The book has also gone further than just a something people should read. It has become a movement. The Half The Sky Movement has become a hub to connect people across the world to support a variety of issues all concerning Women’s Emancipation. There is now a film, a game to help teach children, celebrities have donated their time, money and image to promote the movement. The movement covers everything from ending human trafficking, to getting vaccinations, to keeping girls in school. Whatever helps women become fully equal and free to choose their own path. 

 

What Wudunn and Kristof want us to take away from this book, is that helping local women develop themselves, is the key to changing the inequality the world over. The empowerment of women is what will save so many from death, hunger, disease. The authors use the numbers to back their case, but also the voices of those who were victimized and those who overcame. I would recommend this book to anyone who needs to see hope in this very dark modern world of ours.
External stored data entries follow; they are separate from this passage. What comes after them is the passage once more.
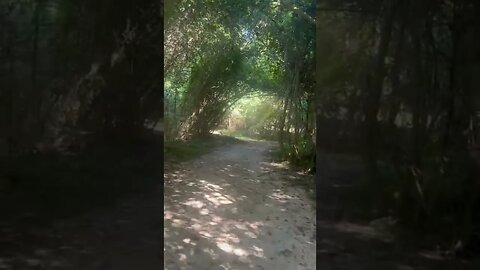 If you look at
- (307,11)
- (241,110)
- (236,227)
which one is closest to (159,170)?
(236,227)

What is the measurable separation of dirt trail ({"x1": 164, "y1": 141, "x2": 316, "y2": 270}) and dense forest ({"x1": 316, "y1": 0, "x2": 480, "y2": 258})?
47cm

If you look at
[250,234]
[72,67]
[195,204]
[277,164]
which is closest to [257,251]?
[250,234]

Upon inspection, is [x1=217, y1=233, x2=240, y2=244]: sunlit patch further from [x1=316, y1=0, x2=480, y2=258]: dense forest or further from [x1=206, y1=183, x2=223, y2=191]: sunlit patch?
[x1=316, y1=0, x2=480, y2=258]: dense forest

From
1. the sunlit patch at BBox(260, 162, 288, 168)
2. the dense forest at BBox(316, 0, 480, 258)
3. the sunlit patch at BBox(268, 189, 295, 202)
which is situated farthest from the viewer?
the sunlit patch at BBox(260, 162, 288, 168)

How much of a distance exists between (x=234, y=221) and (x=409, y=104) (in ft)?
2.88

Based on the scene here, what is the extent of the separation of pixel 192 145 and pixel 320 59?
3.09 ft

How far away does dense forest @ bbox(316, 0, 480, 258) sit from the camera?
148 cm

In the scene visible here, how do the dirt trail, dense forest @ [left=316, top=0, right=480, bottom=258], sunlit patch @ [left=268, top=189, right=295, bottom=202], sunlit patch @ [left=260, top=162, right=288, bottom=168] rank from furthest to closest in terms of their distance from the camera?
sunlit patch @ [left=260, top=162, right=288, bottom=168] → sunlit patch @ [left=268, top=189, right=295, bottom=202] → the dirt trail → dense forest @ [left=316, top=0, right=480, bottom=258]

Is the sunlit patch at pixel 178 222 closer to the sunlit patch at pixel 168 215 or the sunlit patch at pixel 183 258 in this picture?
the sunlit patch at pixel 168 215

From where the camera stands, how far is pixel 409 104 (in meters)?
1.50

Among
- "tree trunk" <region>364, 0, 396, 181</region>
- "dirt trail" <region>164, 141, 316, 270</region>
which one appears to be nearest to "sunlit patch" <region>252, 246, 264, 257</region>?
"dirt trail" <region>164, 141, 316, 270</region>

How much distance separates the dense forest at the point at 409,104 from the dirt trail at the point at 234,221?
1.53 feet

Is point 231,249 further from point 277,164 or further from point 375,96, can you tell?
point 375,96

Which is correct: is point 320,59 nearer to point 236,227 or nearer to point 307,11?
point 307,11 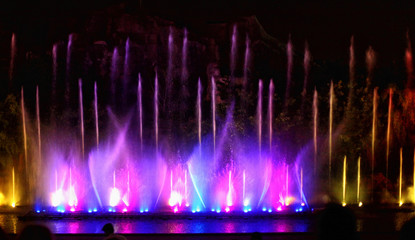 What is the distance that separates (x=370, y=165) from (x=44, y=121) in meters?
13.3

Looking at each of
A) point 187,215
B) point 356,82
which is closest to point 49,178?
point 187,215

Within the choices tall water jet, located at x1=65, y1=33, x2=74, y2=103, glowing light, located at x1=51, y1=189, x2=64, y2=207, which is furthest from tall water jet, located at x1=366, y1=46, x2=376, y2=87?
tall water jet, located at x1=65, y1=33, x2=74, y2=103

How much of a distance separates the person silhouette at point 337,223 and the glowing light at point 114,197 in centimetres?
1444

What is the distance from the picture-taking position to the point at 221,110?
2241cm

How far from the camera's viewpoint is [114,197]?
58.5 ft

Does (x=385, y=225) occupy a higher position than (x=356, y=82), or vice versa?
(x=356, y=82)

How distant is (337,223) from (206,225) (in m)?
10.8

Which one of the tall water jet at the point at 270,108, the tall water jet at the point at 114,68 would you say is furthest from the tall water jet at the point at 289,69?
the tall water jet at the point at 114,68

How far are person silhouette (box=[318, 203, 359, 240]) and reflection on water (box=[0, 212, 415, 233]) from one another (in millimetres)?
9652

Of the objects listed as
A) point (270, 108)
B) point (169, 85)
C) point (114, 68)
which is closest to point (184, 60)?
point (169, 85)

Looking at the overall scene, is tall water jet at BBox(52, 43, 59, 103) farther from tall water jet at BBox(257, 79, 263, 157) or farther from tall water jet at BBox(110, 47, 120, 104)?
tall water jet at BBox(257, 79, 263, 157)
I would also recommend this book to anyone who needs to understand that denying half of ourselves is damaging for the whole planet. I believe that the next step in human evolution is in gender equality. Lincoln said of the United States a house divided cannot stand, can that not be applied to us as a species? I believe it is time for women to finally became equal partners in the fate of the human race, for as Wudunn and Kristof argue, that fate will be a brighter and better one.